Though eBay's online marketplace is hardly obscure, few may know of the frontiers of adventure that await there. For the keen, it can be quite lucrative. But it takes savvy, a sharp eye and sometimes an obsessive nature to find the diamonds in the rough.
"It's kind of looking for the gem in a bunch of what is oftentimes stuff that needs to go to the thrift shop," said Tom Harper, of Lawrence, who has made a name for himself on eBay selling various antiques, '50s and '60s artifacts and even a house.
Harper has sold nearly 3,000 items at auction on eBay, many of which he has found locally at estate and garage sales. He knows a few tricks for finding secondhand treasures, but mostly, he says, it's a lot of work and being the early bird.
"There is a select group of people who are compulsive enough to do that on Friday and Saturday mornings, and we see each other every weekend we're there. It's kind of a competitive culture out there at 6, 7 a.m. Saturday mornings," he said. "I plan out my morning by looking at classifieds."
Harper has reaped vast rewards from such persistence, however. He always remembers the mornings where he stumbles upon such hidden gems.
"I went in the garage, and in the corner was a 1948 Wurlitzer jukebox. I didn't know it was a 1948, I just knew it was an old jukebox," he said. "It was trashed; it looked like an old car that needed a lot of work. It was in bad condition, but it looked like it was all there pretty much.
Take the eBay tour on how to become a seller at http://pages.ebay.com/education/howtosell/index.html
"All I did was I cleaned it up, took good photos, and a guy who restores jukeboxes was actually traveling around and saw the auction, bid on it and won," Harper said. "I got $2,025 for that."
A lesser-known aspect of eBay is a listing service for real estate. Much like classifieds, there is no bidding, but the ability to market to such a massive audience can be useful for the right house.
When Harper, who also is a real estate agent, was preparing to sell a house with iconic '50s hyperbolic paraboloid architecture, he thought his best buyers might be outside Lawrence.

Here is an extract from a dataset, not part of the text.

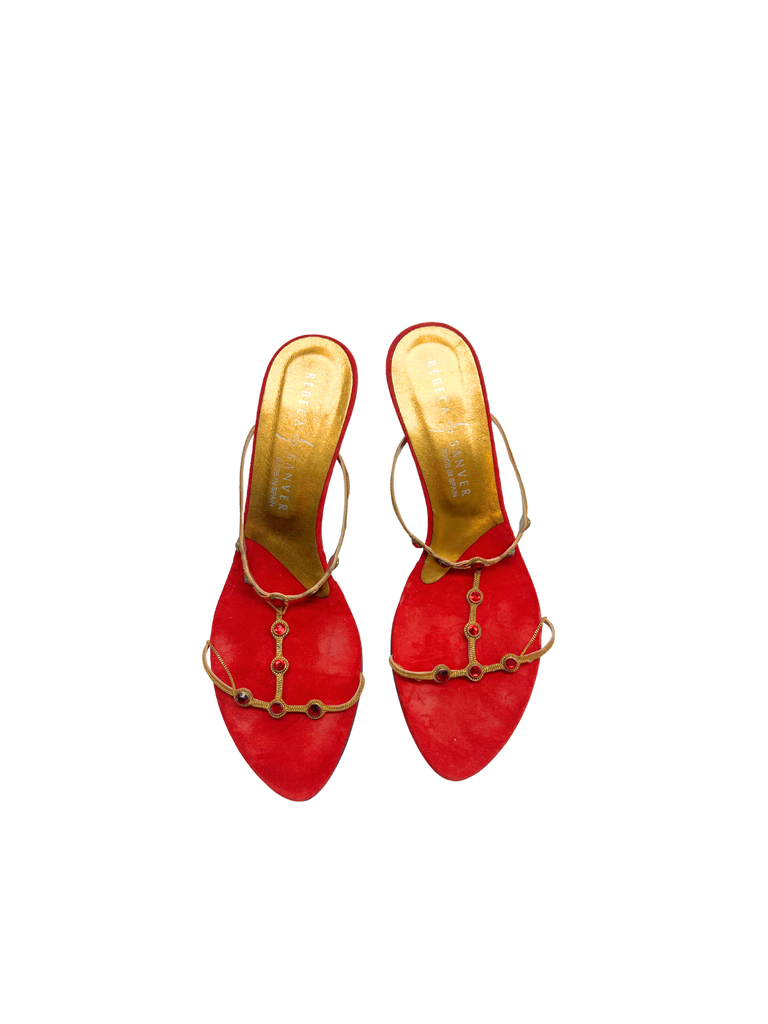 Rebeca Sanver Red high-heeled shoes with gold straps and ruby stones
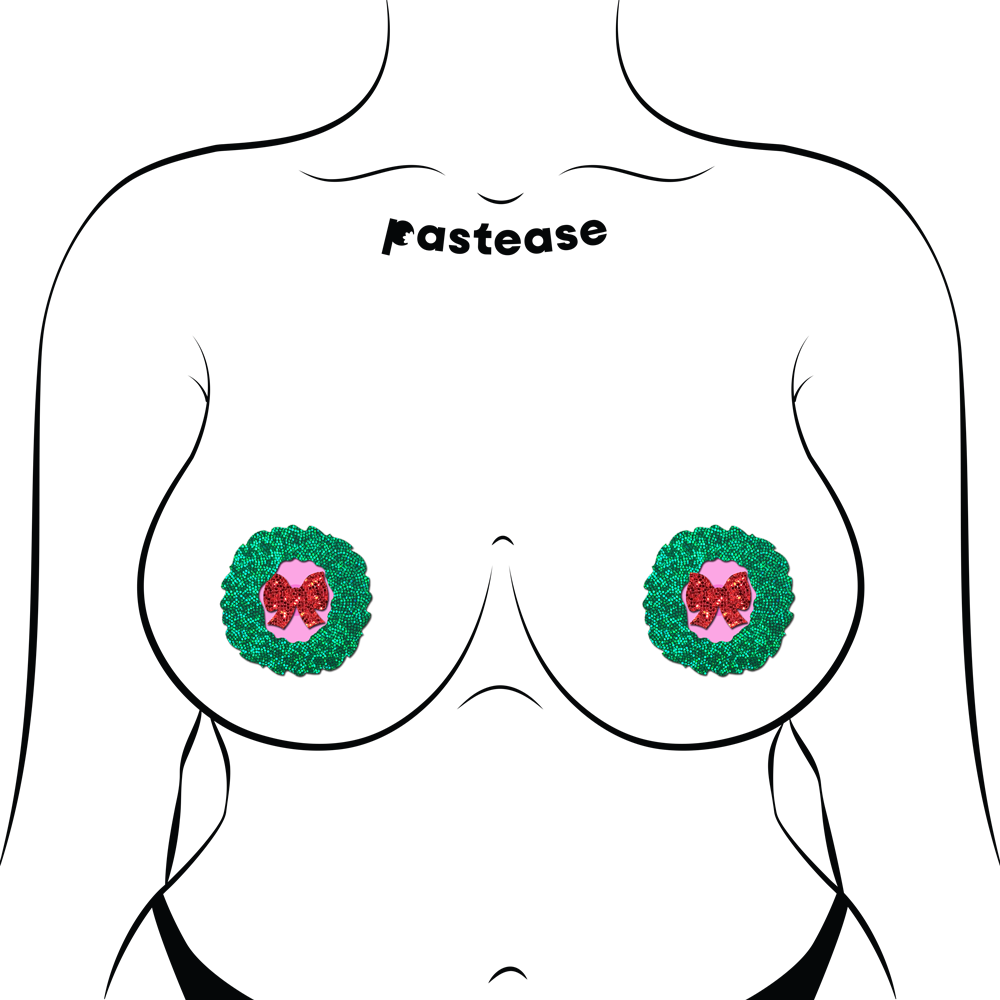 5-Pack: Peek-a-Boob: Green Glitter Wreath with Red Glitter Bow Nipple Pasties by Pastease® o/s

"I had never used eBay for a listing, but my rationale on that house is that it's so unusual and it's a very important house in terms of 1950s architecture - the (Kansas University) dean of civil engineering and his students created it in 1956, so there's a lot of history there. I thought, I need to market this to the world," Harper said.
With the help of helpful keywords and a virtual tool, Harper was able to "show" the site to many more potential buyers than would be possible in a classic open house, and the eBay exposure paid off.

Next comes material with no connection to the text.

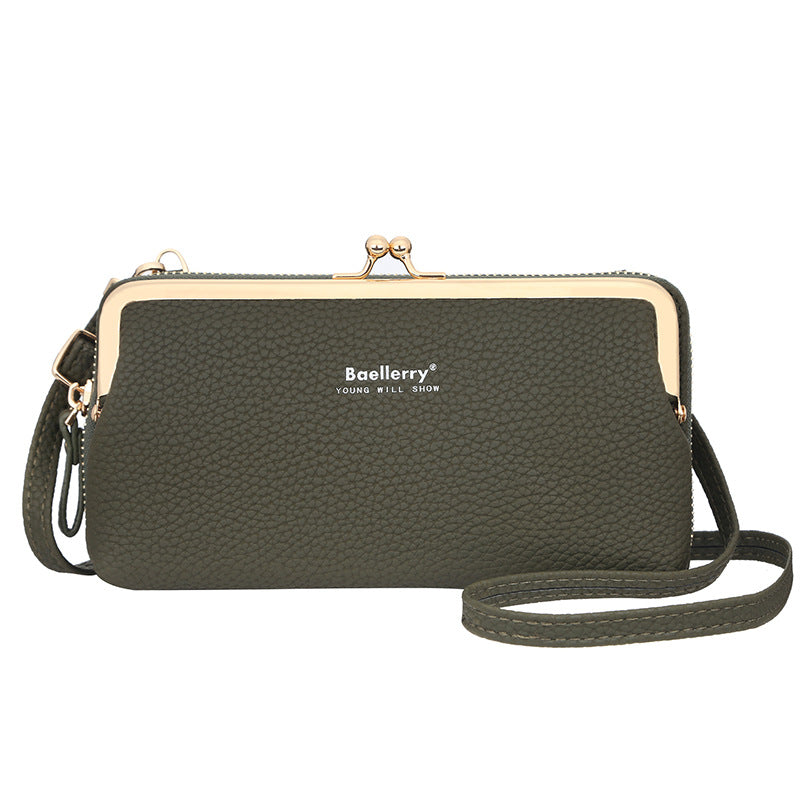 Women's Mobile Korean Lychee Pattern Large Capacity Fashion Zipper Ladies Wallets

"I think I had 6,000 hits in terms of people looking at it, which is huge," Harper said. "It really proved to me that eBay is a tremendous tool to connect buyers with sellers; it's just a great marketing tool."
Though eBay is the perfect place for the obscure treasures of the world, many use it for more practical purposes.
The 10 pairs of old jeans that Dan Berry listed on eBay made him around $100. Nothing to retire on, for sure, but not bad for extra baggage lying around the house. Berry says he got the idea from a friend who had found demand on eBay for the most useless items in her closet: used bras.
But Berry was an eBayer long before he listed his jeans.
"If you ask my wife she'd probably tell you that I'm addicted to eBay," said Berry, a mortgage agent for First State Bank & Trust. "You see things on eBay that you can't see anything else."
"Recently there was an old World War II aircraft for sale that was in the Normandy invasion," he said. "I don't know any other format where you can go out and buy a piece of history."
Recently, Berry won an auction and got more than just the purchase. After he won an auction for a used Mercedes, he flew to Miami to get the car and drive it back. Even after the additional expenses, he got a great deal.
"Over what you'd expect to pay at a dealership, I saved about $5,500. And, you know, the plane ticket was 270 bucks and the gas cost about me about, I don't know, 150 dollars to get me back," Berry said.
"And it was a heck of a drive. It was a pretty good adventure. My wife thought I was crazy, but it was really fun."